James Ihedigbo's journey from hometown walk-on to undrafted free agent to Super Bowl champion is the stuff of legend, a narrative often repeated around the campuses of his alma maters UMass and Amherst High School. After graduating from Amherst in 2002, the son of Nigerian immigrants walked-on at UMass just a short few miles down the road, earning Division 1-AA All-American honors at safety in 2006. After going undrafted in 2007, he hooked on with the Jets then played two seasons with the hometown New England Patriots, before landing with the Baltimore Ravens this past year and earning a Super Bowl ring.

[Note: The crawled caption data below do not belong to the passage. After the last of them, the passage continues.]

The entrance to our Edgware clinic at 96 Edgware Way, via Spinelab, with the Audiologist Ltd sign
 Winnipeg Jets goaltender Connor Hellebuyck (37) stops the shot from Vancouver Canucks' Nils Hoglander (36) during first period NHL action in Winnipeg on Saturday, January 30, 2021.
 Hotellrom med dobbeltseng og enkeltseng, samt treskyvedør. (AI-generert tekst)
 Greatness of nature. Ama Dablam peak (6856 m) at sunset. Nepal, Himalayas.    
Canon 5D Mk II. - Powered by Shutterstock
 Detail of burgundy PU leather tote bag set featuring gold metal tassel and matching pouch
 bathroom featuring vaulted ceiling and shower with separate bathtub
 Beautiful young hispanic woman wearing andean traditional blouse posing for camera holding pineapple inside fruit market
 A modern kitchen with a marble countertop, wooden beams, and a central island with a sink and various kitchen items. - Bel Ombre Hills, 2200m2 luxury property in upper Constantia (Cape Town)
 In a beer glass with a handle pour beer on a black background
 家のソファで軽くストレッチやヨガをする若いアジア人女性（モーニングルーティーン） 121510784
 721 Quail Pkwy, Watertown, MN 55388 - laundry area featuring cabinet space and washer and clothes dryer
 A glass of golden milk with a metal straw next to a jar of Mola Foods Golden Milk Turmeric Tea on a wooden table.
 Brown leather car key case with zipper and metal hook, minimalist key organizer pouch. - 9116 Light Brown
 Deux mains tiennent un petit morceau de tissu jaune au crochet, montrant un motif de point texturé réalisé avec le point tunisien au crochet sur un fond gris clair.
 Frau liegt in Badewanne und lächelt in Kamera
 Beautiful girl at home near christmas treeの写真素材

For five hours Saturday stretching from morning into early afternoon, Ihedigbo ran drills, 7-on-7 competitions and spoke of his journey to area high school players as part of his second annual invitational camp at Amherst High. The camp was organized by UMass' Association for Diversity in Sport club, in conjunction with Ihedigbo's HOPE Africa Foundation.
Play was spirited in the 7-on-7 portion, with several Springfield Central athletes standing out, and Ihedigbo even jumped in at his familiar safety spot when players tired. Following the event, which concluded with a brief awards presentation to top performers, Ihedigbo talked to ESPNBoston.com about his journey in the NFL, the rising football talent in Springfield, and the value of walking-on at a Division 1 program.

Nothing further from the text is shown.